A common NCA finding: Art.16 entities believe "simplified = minimal effort" and produce a one-page policy that names no systems, defines no RTO/RPO, and has no evidence of annual review. CDR 2024/1772 requires actual documentation with the specific elements listed in Annex I.
def assess_art16_readiness(policy: Art16SimplifiedICTPolicy) -> dict:
"""Produce CDR 2024/1772 gap assessment report."""
gaps = policy.validate_minimum_requirements()

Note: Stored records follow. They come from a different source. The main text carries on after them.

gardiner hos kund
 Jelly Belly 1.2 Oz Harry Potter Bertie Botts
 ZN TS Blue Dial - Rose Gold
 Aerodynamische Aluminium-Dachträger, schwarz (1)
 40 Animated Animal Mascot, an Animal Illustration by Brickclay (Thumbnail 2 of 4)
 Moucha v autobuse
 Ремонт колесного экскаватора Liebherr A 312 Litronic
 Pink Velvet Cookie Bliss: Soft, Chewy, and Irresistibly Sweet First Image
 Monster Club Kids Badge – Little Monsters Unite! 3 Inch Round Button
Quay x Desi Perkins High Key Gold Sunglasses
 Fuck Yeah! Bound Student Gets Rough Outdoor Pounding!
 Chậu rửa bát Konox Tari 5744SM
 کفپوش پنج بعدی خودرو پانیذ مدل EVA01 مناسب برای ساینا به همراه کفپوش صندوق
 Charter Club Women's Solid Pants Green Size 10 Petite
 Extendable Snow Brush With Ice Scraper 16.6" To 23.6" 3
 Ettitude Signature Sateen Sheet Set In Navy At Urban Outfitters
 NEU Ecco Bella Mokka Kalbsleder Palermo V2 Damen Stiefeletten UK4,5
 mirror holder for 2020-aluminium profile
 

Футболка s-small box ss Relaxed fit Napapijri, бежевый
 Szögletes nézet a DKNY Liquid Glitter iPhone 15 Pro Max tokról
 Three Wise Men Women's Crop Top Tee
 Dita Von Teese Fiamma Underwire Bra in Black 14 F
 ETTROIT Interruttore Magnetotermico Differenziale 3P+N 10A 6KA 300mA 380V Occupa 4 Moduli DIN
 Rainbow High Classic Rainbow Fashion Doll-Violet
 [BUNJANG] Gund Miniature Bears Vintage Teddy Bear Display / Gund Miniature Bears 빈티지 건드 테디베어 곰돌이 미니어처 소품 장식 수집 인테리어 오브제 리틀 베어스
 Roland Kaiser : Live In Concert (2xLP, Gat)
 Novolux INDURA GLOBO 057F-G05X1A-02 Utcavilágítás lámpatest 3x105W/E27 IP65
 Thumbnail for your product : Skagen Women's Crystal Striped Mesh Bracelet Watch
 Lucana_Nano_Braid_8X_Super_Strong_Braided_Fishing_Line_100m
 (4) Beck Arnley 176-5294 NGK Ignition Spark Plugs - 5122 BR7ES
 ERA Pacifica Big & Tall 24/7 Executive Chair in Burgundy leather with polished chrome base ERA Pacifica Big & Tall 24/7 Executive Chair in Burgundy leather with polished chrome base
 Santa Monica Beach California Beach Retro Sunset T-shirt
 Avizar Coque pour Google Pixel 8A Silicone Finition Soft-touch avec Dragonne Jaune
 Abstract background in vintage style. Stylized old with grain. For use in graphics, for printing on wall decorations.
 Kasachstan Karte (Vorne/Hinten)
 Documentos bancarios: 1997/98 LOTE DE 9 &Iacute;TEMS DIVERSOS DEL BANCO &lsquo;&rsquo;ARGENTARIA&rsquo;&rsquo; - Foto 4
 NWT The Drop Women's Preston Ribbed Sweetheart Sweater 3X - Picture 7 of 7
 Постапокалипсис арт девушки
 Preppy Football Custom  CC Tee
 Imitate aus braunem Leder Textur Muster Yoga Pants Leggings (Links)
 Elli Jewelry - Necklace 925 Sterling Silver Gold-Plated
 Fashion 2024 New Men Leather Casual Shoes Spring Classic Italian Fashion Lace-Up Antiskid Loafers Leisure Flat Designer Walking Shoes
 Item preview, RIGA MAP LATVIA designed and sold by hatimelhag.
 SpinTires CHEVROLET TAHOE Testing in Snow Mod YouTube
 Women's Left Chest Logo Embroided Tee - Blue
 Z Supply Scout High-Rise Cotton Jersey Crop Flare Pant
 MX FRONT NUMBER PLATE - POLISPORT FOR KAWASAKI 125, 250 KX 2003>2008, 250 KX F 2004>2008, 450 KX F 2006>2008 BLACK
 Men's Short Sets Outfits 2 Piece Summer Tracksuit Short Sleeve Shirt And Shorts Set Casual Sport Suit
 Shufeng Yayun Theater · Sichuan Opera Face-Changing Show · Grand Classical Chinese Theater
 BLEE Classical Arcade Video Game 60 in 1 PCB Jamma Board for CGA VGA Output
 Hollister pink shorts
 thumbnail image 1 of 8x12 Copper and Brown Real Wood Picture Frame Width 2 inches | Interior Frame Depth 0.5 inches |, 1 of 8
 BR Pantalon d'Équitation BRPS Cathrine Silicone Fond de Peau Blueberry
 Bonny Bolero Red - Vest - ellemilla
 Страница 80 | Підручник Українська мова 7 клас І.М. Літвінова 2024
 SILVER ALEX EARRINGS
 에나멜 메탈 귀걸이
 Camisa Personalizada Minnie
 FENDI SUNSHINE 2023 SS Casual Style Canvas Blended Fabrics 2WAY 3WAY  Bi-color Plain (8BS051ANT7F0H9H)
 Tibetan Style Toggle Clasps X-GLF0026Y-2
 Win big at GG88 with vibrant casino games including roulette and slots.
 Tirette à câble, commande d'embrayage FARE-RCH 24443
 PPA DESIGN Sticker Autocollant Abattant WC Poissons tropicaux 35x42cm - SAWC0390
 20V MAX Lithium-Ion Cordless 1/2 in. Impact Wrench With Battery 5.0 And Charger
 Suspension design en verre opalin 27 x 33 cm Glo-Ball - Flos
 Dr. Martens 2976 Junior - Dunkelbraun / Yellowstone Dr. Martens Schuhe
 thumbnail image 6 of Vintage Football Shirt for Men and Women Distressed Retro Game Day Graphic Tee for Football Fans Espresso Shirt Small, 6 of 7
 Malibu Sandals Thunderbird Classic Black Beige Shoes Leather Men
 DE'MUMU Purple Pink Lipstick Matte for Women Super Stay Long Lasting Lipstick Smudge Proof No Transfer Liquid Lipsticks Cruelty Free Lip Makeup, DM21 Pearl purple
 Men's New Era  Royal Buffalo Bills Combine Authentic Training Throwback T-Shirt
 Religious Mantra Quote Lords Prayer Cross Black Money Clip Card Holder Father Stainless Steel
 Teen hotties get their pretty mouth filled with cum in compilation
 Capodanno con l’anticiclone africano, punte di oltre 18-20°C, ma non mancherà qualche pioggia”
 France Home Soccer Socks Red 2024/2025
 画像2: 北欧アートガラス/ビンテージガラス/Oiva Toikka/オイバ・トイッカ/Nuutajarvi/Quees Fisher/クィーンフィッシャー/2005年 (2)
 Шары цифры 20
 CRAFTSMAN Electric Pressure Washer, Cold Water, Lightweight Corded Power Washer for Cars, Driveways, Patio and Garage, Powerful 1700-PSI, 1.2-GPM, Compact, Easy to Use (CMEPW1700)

# Additional CDR 2024/1772 Annex I checks
annex_checks = []
if not policy.critical_ict_systems:
annex_checks.append("No critical ICT systems identified — Annex I Section 2.1 requires list")
if not policy.nca_notification_contact:
annex_checks.append("No NCA notification contact — required for Art.19 incident reporting readiness")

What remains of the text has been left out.